H24年12月修学旅行のしおり序文

グアム修学旅行に向けて(修学旅行のしおり序文)


 修学旅行というものは、日本や韓国・中国・台湾等の東アジア特有のものではありません。18世紀イギリスの良家の子弟は、グランドツアーと称して、さまざまな文化や教養を身につけるため、数カ月から数年、ヨーロッパ大陸、特にフランスとイタリアを旅行しました。目的は観光のほかに,各国の上流階級や学識経験者との交流,大学やアカデミーへの短期入学,書物や美術品の購入などでした。(平凡社 世界大百科事典「グランドツアー」)
 ところで高石高校36期生のグアム修学旅行の目的も、観光・ミドルスクールで授業を受け生徒と交流する・グアムの歴史と今に触れるなど、18世紀イギリスの若者の「グランドツアー」とまさに同じです。
 「グランドツアー」と異なるのは、団体旅行であるという点です。団体旅行のメリットは、個人旅行では決して簡単にはできない体験ができることですが、デメリットもあります。団体で行動するため行動に制限があるということ、「何でも見てやろう」と好奇心を持たないでも仲間内で盛り上がって完結できてしまう点です。
 毎年遅刻数を減少させている皆さんのことですから、団体行動は大丈夫と信じています。むしろ、仲間内で盛り上がって完結して、「何にも見なかった」と旅を終えてしまうことがあれば、非常に残念に思います。
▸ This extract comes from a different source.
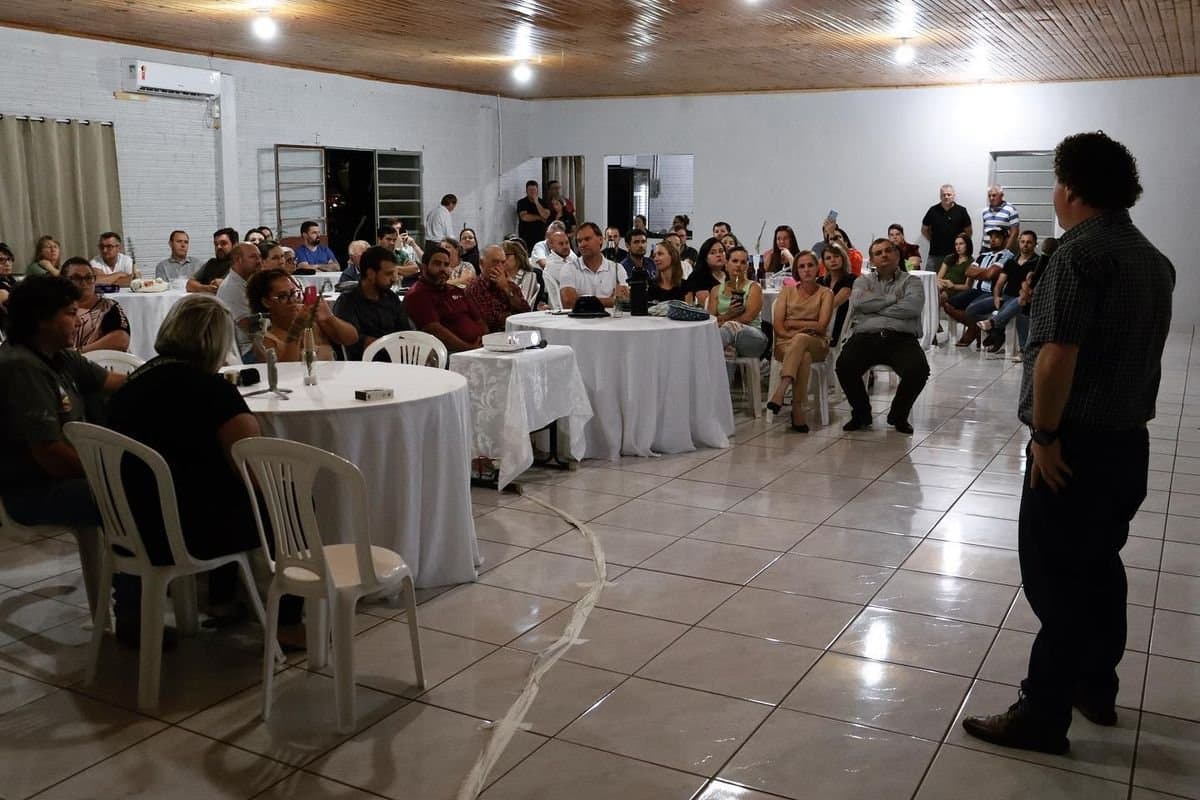 Gustavo Stolte realiza segunda sabatina em um evento para empresários e comunidade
というのは、君たちがこれから生きていくのは、海外へ出かけることがなくても、海外からヒト・モノ・コミュニケーションスタイルがやってくる時代です。上司や同僚が外国人、バイト先のお客さんが外国人ということがもはや普通のことになっています。日本で暮らしていても、世界的に共通するルールでコミュニケーションが求められるような事態が起こり得ます。そんな時、この修学旅行で経験したことをヒントに、自分で考えて対応してほしいと思います。そのために、「何でも見てやろう」と好奇心満載で出掛けて下さい。
 旅先では思いがけない事が起こることがあります。「何でも見てやろう」という姿勢には、物を学ぶ謙虚さがあり、謙虚さは冷静な判断と合理的な解決法を導きます。この修学旅行に味をしめて、卒業後一人で海外へ出かけて行く人が増えれば、この旅行を企画した先生方も、その甲斐があったというものです。
 覚えていてほしいのは、日本は極めて安全で安心な国で、日本での「当たり前」は、世界的にみるとかなりレベルが高いということです。仲間内で盛り上がって、仲間外への注意を怠ることのないようにして、無事に帰国しましょう。これは、皆さんと学校を信じて送り出していただいた、皆さんの保護者への義務です。